Sıra İlahiyat Fakültelerinde Olsun Artık
Şu haber bizde buruk bir sevince sebep oldu. “Darısı İlahiyat Fakültelerinin başına” demekten kendimizi alamadık.
Haber şu: “İmam Hatip Liselerinin Önü Açılıyor; Katsayı Ortadan Kalkıyor. 28 Şubat sürecinde imam hatip liselerine karşı geliştirilen ‘katsayı’ formülü tarihe karışıyor. Yüksek Öğretim Kurulu (YÖK), 13 yıldır yürürlükte olan, değişiklik girişimi iktidardaki AK Parti için kapatma davası gerekçesi sayılan katsayı uygulamasını tamamen kaldırma kararı aldı. Böylece, 2012 yılından itibaren üniversiteye giriş sınavlarında imam hatip ve meslek lisesinde okuyan öğrenciler ile genel liselerdekiler aynı şartlarda yarışacak.
AK Parti iktidara geldiği 2003 yılından itibaren katsayı uygulamasını kaldırabilmek için bir dizi girişimde bulunmuştu. Düzenleme daha önce eski Cumhurbaşkanı Ahmet Necdet Sezer ile Danıştay engeline takılmıştı. 2010’da yapılan düzenleme de sorunu tam olarak çözemedi. Yıllardır tartışma konusu olan katsayı sorunu için yasa değiştirilecek, Danıştay’dan gelebilecek engel de ortadan kalkacak. (https://www.habervaktim.com/haber/201147/katsayi_kalkiyor.html)
Öyleyse sıra İlahiyat Fakültelerinde yapılacak düzenlemelerde demektir artık.
Bu mesele neden bu zamana kadar gecikti, onu da bilemiyorum doğrusu. İmam Hatipler hep gündeme geldi, ama İlahiyat Fakültelerinin acıklı durumu nedense hep gözlerden uzakta kaldı, böylece kamuoyunca unutuldu gitti. Ama oralarda zalim uygulamalar insafsızca devam etti gitti…
Tarihimizde kara bir leke, utanç verici zalim ve zorba bir dönem olan 28 Şubat, İlahiyat Fakültelerinin içler acısı hali böyle kaldıkça, kimilerinin “bitti” demesine rağmen, bitmiş olmayacaktır.
O günleri hatırlar mısınız?
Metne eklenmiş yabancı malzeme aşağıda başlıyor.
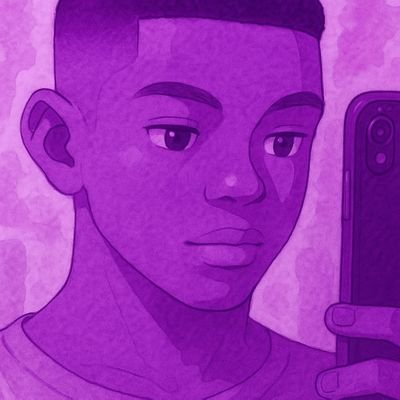 _Ryeal's profile picture. i come here for the jokes.  i could never see these things in real life. i am a parody. Views expressed are my own or your mother's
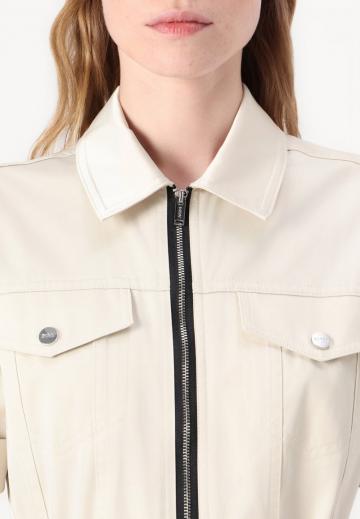 Платье-майка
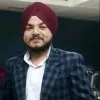 Kawalpreet Singh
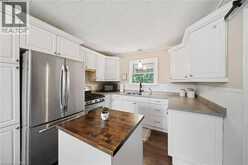 3 BOUSFIELD Lane | Jarvis Ontario | Slide Image Twenty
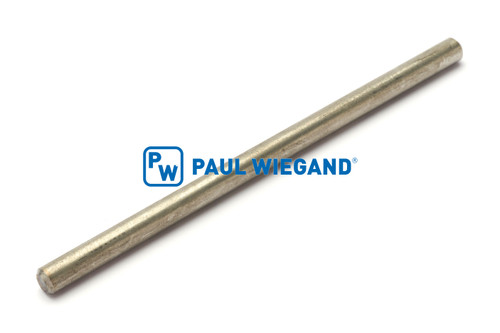 Pasador de bisagra Schmidt Swingo serie 200 (63026446) Pasador de bisagra Schmidt Swingo serie 200 (63026446)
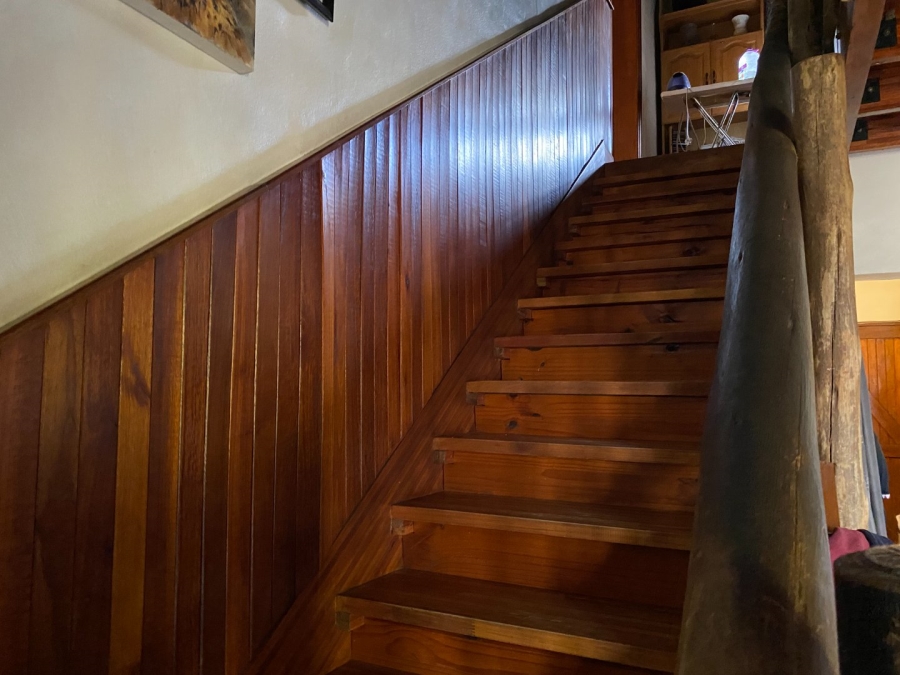4 Bedroom Property for Sale in Fairfield Gauteng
Önce sayıları azaltıldı bu fakültelerin. Sonra iki yıllıkları kapandı. Kapananların binalarına el kondu. Sonra kontenjanları azaltıldı. Hepsini toplasan bir fakülte etmez kapasitede çalıştırıldı. İdarenin istediği öğrenci sayısı bile verilmez olmuştu. Oysa o idarecilerin talep etme özgürlüğü bile örtülü olarak ellerinden alınmıştı. Bu çirkin uygula da örtülü bir kapatma değil midir?
Bundan daha korkuncu bu İlahiyat Fakültelerinin üzerinde yapılan operasyonlardı. Önce öğretmenlik yetkisini aldılar ellerinden. Öğretmen yetiştiremez oldu bu fakülteler. İlle de öğretmenlik yapmak isteyenler başka bir okulda yaklaşık bir buçuk yıl süren yeni bir eğitime tabi tutuldular. Oysa alacakları bu öğretmenlik formasyonu ile ilgili dersler neden kendi okullarında ve öğretim süresi içinde olmasındı? Eskiden öyle oluyordu da sorun mu yaşanıyordu?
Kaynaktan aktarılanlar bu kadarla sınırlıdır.